# What do you see when you open your front door?



## farmpony84 (Apr 21, 2008)

This is obviously when we were building - but that's my front door...


----------



## buckaroo2010 (Nov 7, 2007)

I cant post pics but when i open my front door at my house I see a house cause I live in a subdivision  I wish I live in my dads friends house were my horse is at!


----------



## Dumas'_Grrrl (Apr 2, 2008)

This is what I see.


----------



## Bitless (Jan 11, 2008)

Aww im jelous of you guys :lol: such nice views.

All i see when i open my front door is the road and on the other side is a group of crummy flats, one of which has a broken window and graffitti on the fence :roll: 

I dont think ill dare take pics :wink:


----------



## farmpony84 (Apr 21, 2008)

Dumas I LOVE that walkway!


----------



## Saddlebred girl (Apr 22, 2008)

*Wow*

I wish i could see horses when i open my front door


----------



## Dumas'_Grrrl (Apr 2, 2008)

farmpony84 said:


> Dumas I LOVE that walkway!


Thanks!
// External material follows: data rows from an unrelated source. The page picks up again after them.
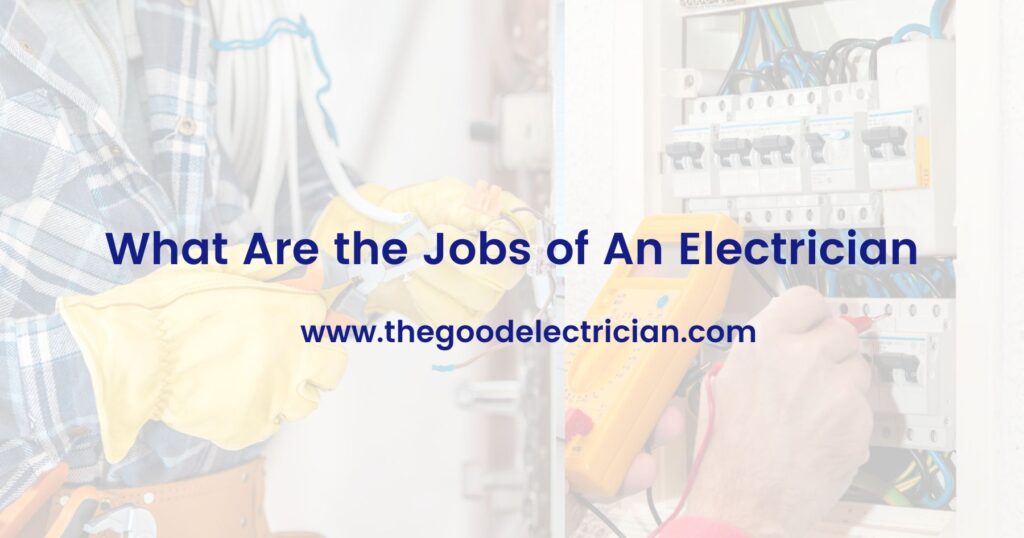What Are the Jobs of An Electrician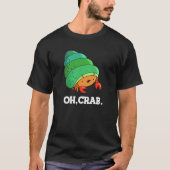 Oh Crab Funny Crab Phrase Dark BG T-shirt (Voorkant)
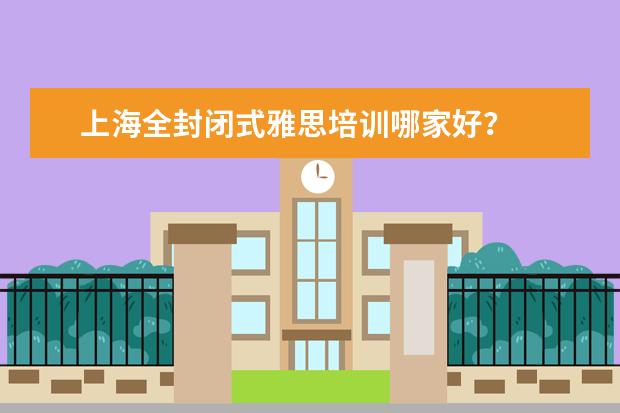 上海全封闭式雅思培训哪家好？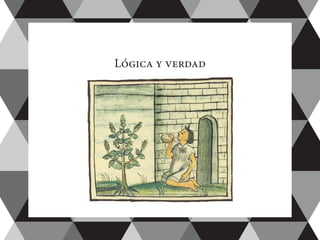 Lógica y verdad
 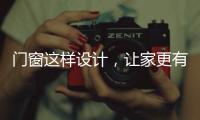 门窗这样设计，让家更有格调
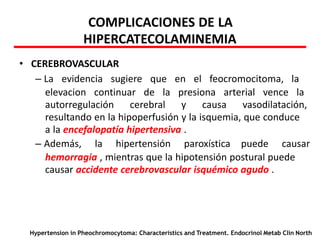 COMPLICACIONES DE LA
HIPERCATECOLAMINEMIA
• CEREBROVASCULAR
– La evidencia sugiere que en el feocromocitoma, la
elevacion continuar de la presiona arterial vence la
autorregulación cerebral y causa vasodilatación,
resultando en la hipoperfusión y la isquemia, que conduce
a la encefalopatía hipertensiva .
– Además, la hipertensión paroxística puede causar
hemorragia , mientras que la hipotensión postural puede
causar accidente cerebrovascular isquémico agudo .
Hypertension in Pheochromocytoma: Characteristics and Treatment. Endocrinol Metab Clin North
 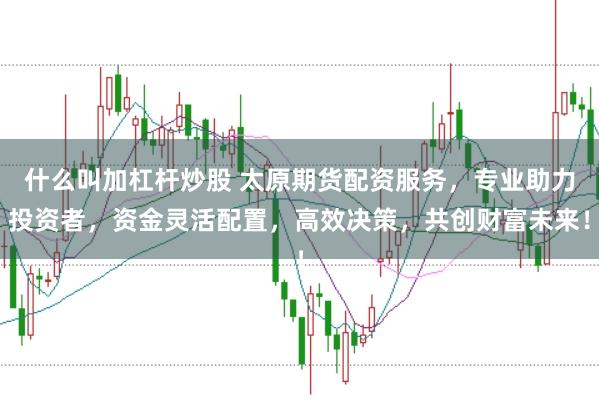 什么叫加杠杆炒股 太原期货配资服务，专业助力投资者，资金灵活配置，高效决策，共创财富未来！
Wish I could take credit for it! :lol: I did however take a powerwasher to it and found out that it was twice as long as I thought it was! :lol: :lol: :lol:


----------



## Vidaloco (Sep 14, 2007)

View out my front door. My porch, that big green thing is the front loader off my tractor. looking east 









Looking west toward the horses. They are on the other side of the trees toward the front.









I built that rail on the porch all by my little self. Pretty good job I think :lol:


----------



## appylover31803 (Sep 18, 2007)

That's so pretty Vida! And it's so green too! I have no idea why i thought Kansas was all like barren and no dirt or trees! That looks lovely though!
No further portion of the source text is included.